Spannend ist aber auch das Angebot auf anderen Bühnen, auf denen ebenfalls viele pharmazeutische und für den Alltag in der Apotheke wichtige Themen zur Sprache kommen. Das schafft für PTA weitere gute Gelegenheiten zu fachlichen Updates, zum Sammeln von Fortbildungspunkten und zum Mitdiskutieren. Insgesamt umfasst das Bühnenprogramm der Expopharm gut 200 Beiträge von rund 200 Top-Speakern.
Als ein Programmpunkt der Pharma-World powered by PTA-Forum steht am 15. September das wichtige Thema Prävention in der Apotheke auf der Agenda, das wesentlich auch von PTA mitgetragen wird. Im Mittelpunkt steht die Frage, wie Apotheken ihre Rolle bei Gesundheitsförderung und Prävention weiter ausbauen können.

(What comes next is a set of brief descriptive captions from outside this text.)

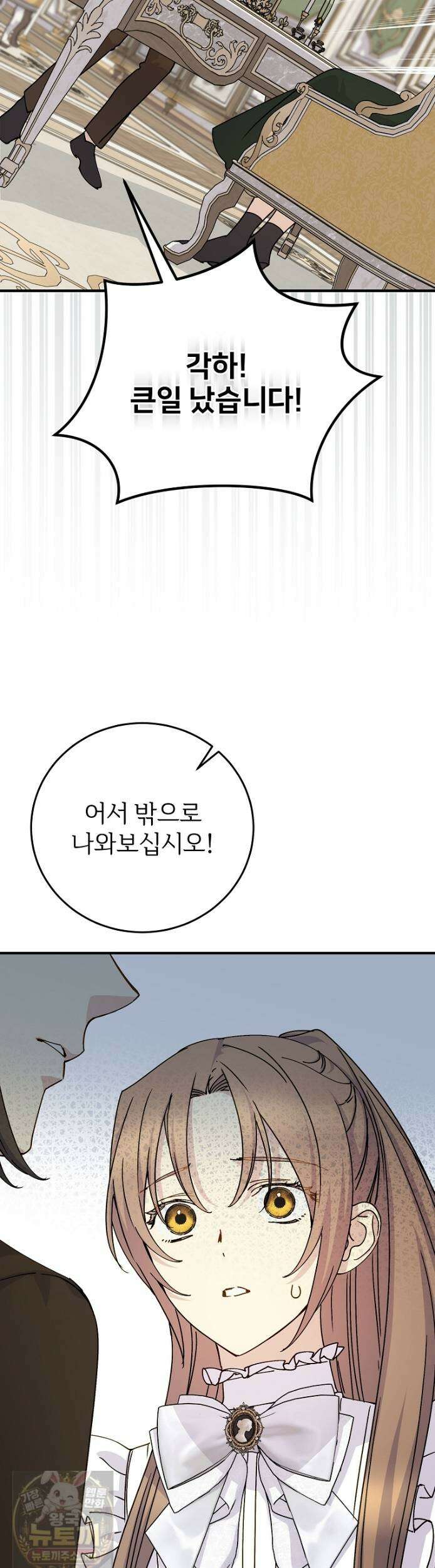 능력 있는 시녀님 124화 25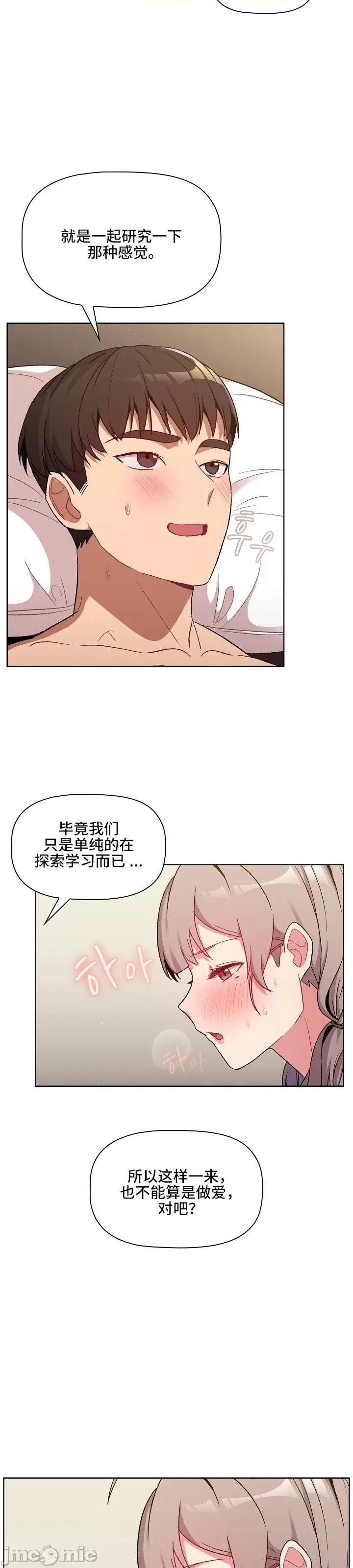 這可如何是好？ 這可如何是好 10 第17页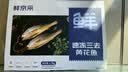 鲜京采 冷冻三去黄花鱼(宁德大黄鱼)1700g(5条装)节庆礼盒 京东自有品牌 实拍图
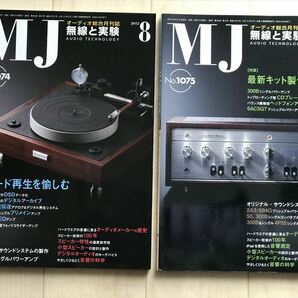 10 523  MJ無線と実験 2012年11冊 2月号欠  No.1067~1078の画像5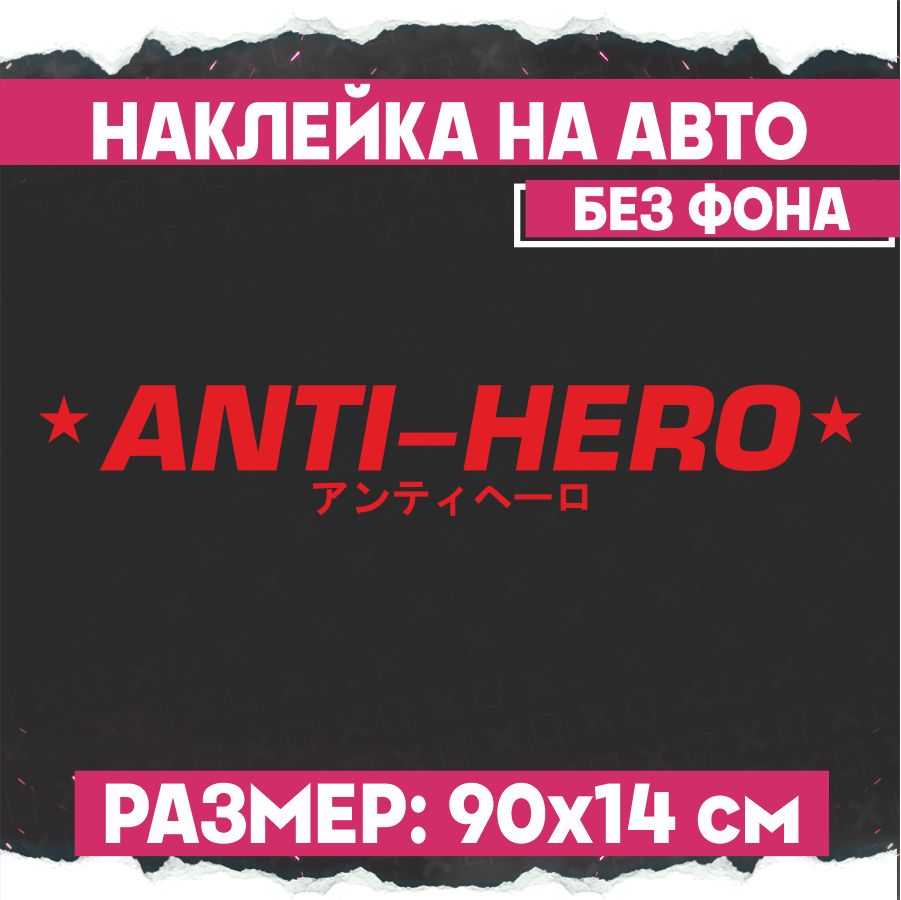 Наклейки на авто надпись Anti hero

Diskutiert werden aktuelle Präventionsansätze vor dem Hintergrund des demografischen Wandels und einer steigenden Lebenserwartung. Praxisnahe Beispiele und Impulse zeigen auf, wie Apotheken Menschen frühzeitig für Gesundheitsthemen sensibilisieren und neue Beratungs- und Versorgungsangebote in den Alltag integrieren können. Ergänzt wird das Programm unter anderem durch den Vortrag »The Power of Prevention – die Apotheke als Key-Player eines neuen Gesundheitssystems«, in dem Longevity-Expertin Nina Ruge die Bedeutung der Prävention für die Gesundheitsversorgung der Zukunft beleuchtet.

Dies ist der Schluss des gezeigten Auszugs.